Write out again, word for word, the lines below from the line that holds "Dolce & Gabbana" through the line that holds "ADBGM627 Crossbody Hair-On", omitting pictures.

Task input:
++++++++++
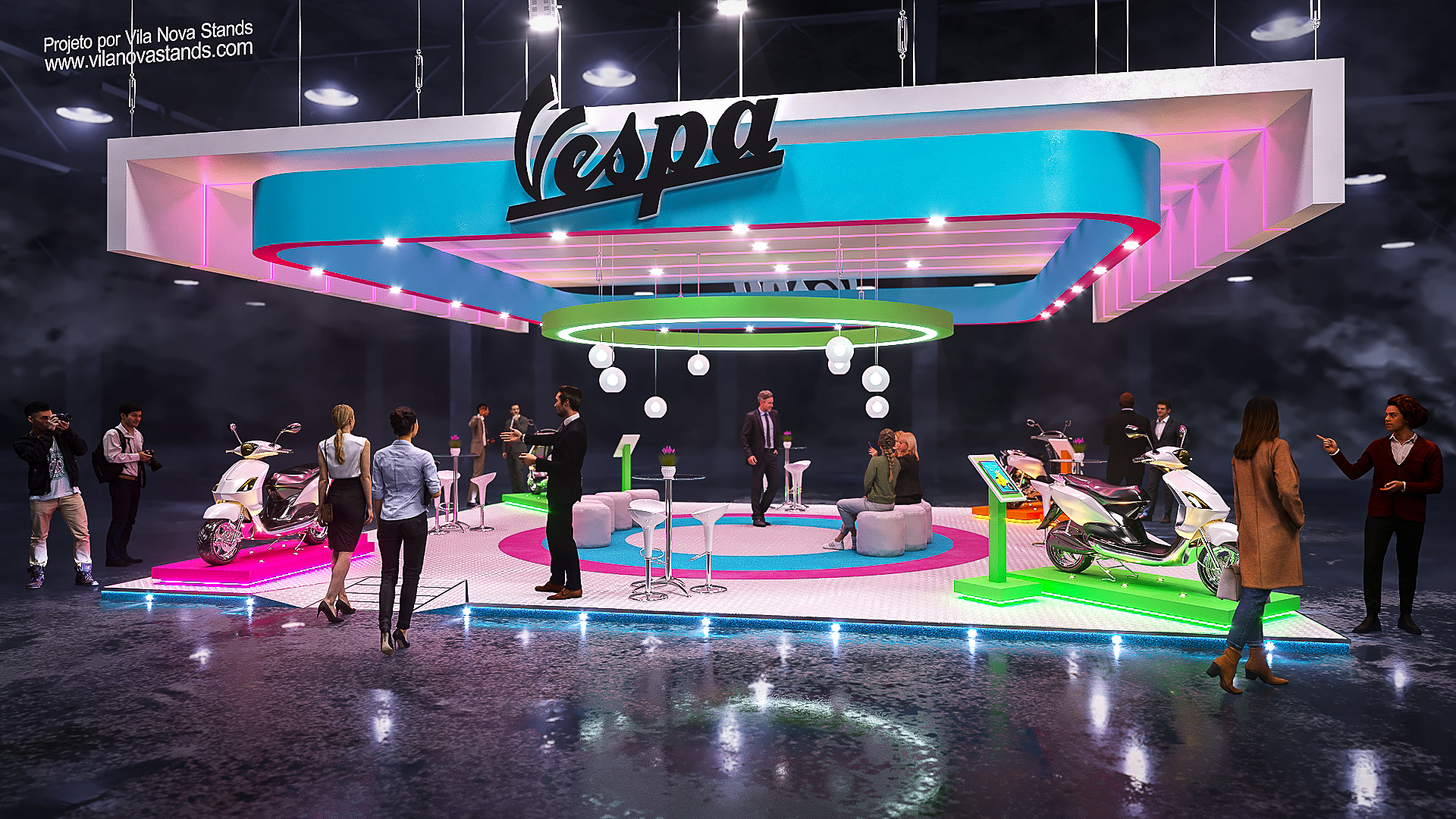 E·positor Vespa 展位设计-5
++++++++++
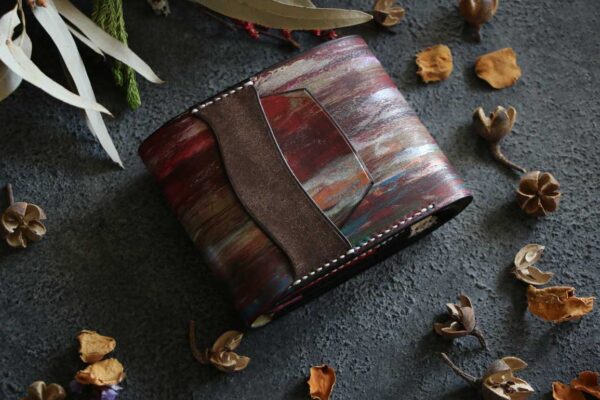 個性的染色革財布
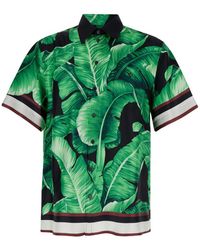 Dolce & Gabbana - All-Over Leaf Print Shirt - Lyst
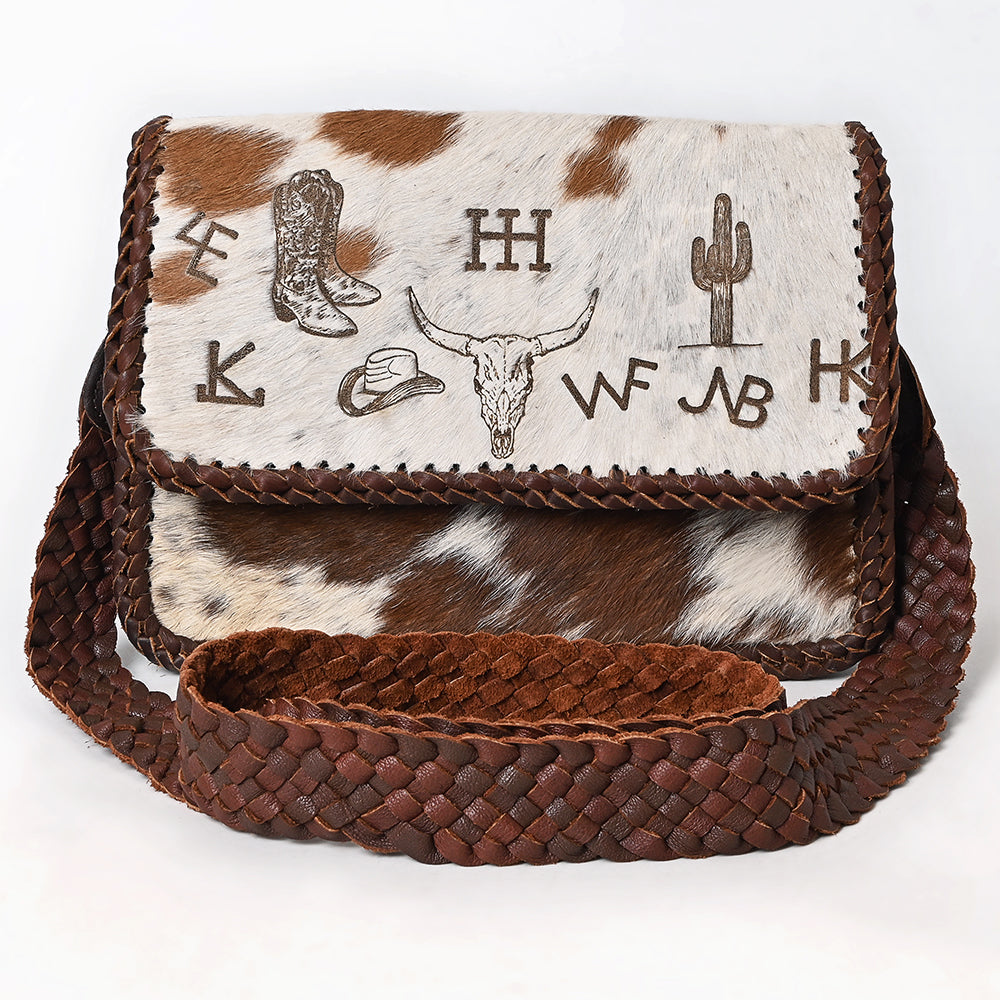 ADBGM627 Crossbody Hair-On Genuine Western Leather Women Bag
++++++++++
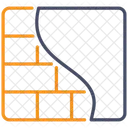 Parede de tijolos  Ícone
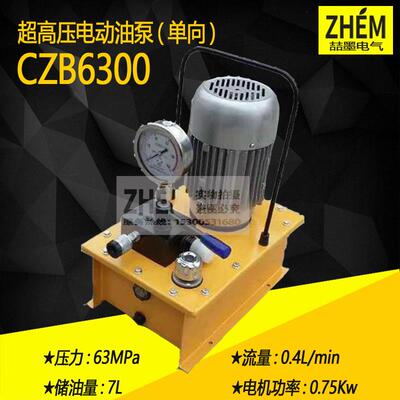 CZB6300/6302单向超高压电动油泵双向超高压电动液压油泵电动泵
++++++++++
Response to this exercise:
 Dolce & Gabbana - All-Over Leaf Print Shirt - Lyst
 ADBGM627 Crossbody Hair-On Genuine Western Leather Women Bag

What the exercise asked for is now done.